Task details – The lines below, from the one containing "My name is Qin" through the one containing "A virtual office", should be set down exactly, with no pictures and nothing else.

Data for the task –
BEGIN

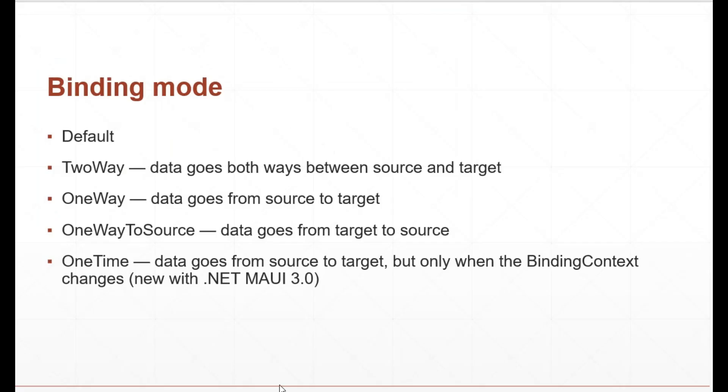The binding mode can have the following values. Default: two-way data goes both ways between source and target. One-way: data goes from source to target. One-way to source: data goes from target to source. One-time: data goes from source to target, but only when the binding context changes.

END
BEGIN

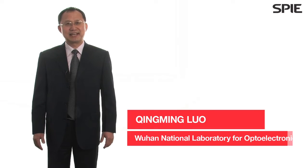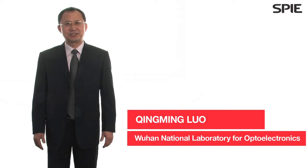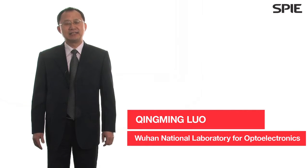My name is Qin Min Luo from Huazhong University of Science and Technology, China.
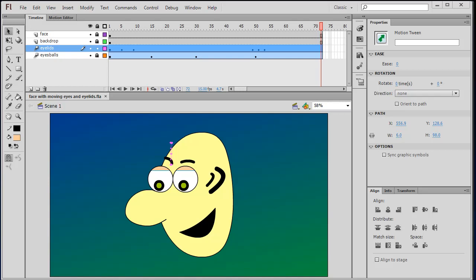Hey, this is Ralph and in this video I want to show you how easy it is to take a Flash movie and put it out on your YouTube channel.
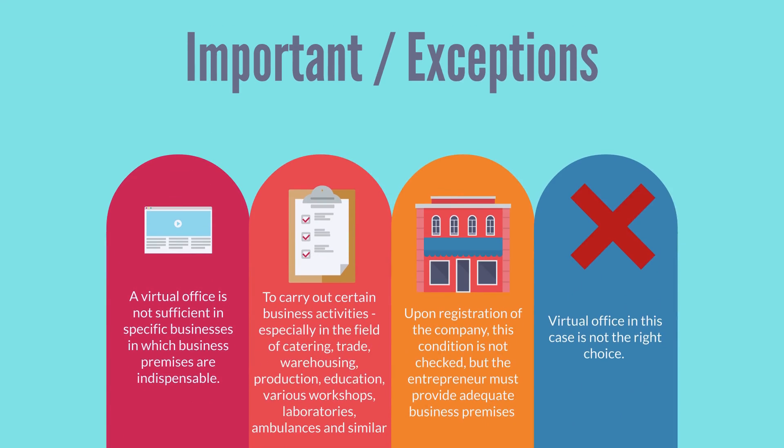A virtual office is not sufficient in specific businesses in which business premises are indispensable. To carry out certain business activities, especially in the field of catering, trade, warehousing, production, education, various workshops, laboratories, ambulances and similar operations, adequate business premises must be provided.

END

Completed task –
My name is Qin Min Luo from Huazhong University of Science and Technology, China.
Hey, this is Ralph and in this video I want to show you how easy it is to take a Flash movie and put it out on your YouTube channel.
A virtual office is not sufficient in specific businesses in which business premises are indispensable. To carry out certain business activities, especially in the field of catering, trade, warehousing, production, education, various workshops, laboratories, ambulances and similar operations, adequate business premises must be provided.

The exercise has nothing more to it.